__THE DATA__.
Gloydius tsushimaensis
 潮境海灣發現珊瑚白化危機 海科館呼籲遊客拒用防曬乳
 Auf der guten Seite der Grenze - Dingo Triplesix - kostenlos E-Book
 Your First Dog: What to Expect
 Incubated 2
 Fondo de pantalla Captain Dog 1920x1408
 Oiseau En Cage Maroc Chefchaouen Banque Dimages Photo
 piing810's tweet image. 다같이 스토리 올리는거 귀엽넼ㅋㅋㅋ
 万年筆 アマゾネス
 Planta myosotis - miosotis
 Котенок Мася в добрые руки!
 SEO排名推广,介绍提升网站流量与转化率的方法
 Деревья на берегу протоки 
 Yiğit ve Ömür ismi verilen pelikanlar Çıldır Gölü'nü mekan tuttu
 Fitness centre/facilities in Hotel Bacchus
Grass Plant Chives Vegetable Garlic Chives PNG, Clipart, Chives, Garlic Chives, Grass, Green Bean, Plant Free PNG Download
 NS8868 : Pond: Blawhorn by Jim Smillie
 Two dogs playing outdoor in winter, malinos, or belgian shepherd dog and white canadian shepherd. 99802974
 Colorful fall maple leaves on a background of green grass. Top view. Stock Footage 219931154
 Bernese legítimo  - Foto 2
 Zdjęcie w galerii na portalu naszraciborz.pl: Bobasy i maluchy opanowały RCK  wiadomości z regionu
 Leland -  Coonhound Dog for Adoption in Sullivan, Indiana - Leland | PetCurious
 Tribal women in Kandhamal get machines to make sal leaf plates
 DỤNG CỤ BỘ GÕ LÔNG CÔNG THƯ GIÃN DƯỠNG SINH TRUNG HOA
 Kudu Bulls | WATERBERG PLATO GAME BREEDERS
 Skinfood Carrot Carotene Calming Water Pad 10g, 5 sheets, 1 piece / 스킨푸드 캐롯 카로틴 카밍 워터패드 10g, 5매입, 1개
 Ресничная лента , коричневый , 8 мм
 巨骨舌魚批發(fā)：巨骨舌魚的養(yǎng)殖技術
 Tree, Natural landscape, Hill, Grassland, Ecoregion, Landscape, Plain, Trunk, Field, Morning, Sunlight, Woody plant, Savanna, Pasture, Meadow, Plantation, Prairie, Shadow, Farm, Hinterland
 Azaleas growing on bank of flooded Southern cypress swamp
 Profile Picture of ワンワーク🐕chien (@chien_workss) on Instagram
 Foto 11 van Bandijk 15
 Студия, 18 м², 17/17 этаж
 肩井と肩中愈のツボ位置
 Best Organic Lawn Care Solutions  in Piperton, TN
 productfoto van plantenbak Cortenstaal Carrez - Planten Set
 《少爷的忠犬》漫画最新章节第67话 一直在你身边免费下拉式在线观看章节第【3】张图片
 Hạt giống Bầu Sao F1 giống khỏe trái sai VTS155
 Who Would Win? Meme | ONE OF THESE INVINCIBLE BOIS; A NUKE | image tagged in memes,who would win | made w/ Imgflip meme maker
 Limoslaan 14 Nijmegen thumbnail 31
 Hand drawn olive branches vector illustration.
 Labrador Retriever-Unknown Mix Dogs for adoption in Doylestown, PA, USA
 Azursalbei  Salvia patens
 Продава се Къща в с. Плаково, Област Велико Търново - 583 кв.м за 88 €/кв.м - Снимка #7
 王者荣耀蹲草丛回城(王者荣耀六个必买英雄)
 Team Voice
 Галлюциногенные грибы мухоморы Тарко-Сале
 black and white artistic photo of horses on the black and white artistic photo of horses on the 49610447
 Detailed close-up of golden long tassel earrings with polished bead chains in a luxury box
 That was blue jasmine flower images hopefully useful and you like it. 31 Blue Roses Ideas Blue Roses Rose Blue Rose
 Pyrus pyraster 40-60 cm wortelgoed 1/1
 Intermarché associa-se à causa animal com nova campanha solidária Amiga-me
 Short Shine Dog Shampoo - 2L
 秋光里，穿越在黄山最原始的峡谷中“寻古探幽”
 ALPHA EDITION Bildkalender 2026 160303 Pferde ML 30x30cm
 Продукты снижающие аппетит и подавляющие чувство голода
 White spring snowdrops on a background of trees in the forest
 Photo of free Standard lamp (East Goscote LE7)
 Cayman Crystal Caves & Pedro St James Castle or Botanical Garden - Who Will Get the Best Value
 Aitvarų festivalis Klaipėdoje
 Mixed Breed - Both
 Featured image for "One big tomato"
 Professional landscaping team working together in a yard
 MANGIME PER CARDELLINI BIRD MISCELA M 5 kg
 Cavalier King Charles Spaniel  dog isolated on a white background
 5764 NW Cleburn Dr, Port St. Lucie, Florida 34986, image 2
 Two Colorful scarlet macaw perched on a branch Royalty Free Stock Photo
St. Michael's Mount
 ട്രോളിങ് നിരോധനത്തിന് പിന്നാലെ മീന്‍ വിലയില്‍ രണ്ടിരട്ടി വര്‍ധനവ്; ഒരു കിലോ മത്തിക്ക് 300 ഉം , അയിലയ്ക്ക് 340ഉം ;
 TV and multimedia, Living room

__WHAT IS REQUIRED__. Among the entries above, copy exactly only the lines starting with the one containing "Shadow, Farm, Hinterland" and going through the one containing "Hạt giống Bầu", both ends included.

__EXERCISE RESULT__.
 Tree, Natural landscape, Hill, Grassland, Ecoregion, Landscape, Plain, Trunk, Field, Morning, Sunlight, Woody plant, Savanna, Pasture, Meadow, Plantation, Prairie, Shadow, Farm, Hinterland
 Azaleas growing on bank of flooded Southern cypress swamp
 Profile Picture of ワンワーク🐕chien (@chien_workss) on Instagram
 Foto 11 van Bandijk 15
 Студия, 18 м², 17/17 этаж
 肩井と肩中愈のツボ位置
 Best Organic Lawn Care Solutions  in Piperton, TN
 productfoto van plantenbak Cortenstaal Carrez - Planten Set
 《少爷的忠犬》漫画最新章节第67话 一直在你身边免费下拉式在线观看章节第【3】张图片
 Hạt giống Bầu Sao F1 giống khỏe trái sai VTS155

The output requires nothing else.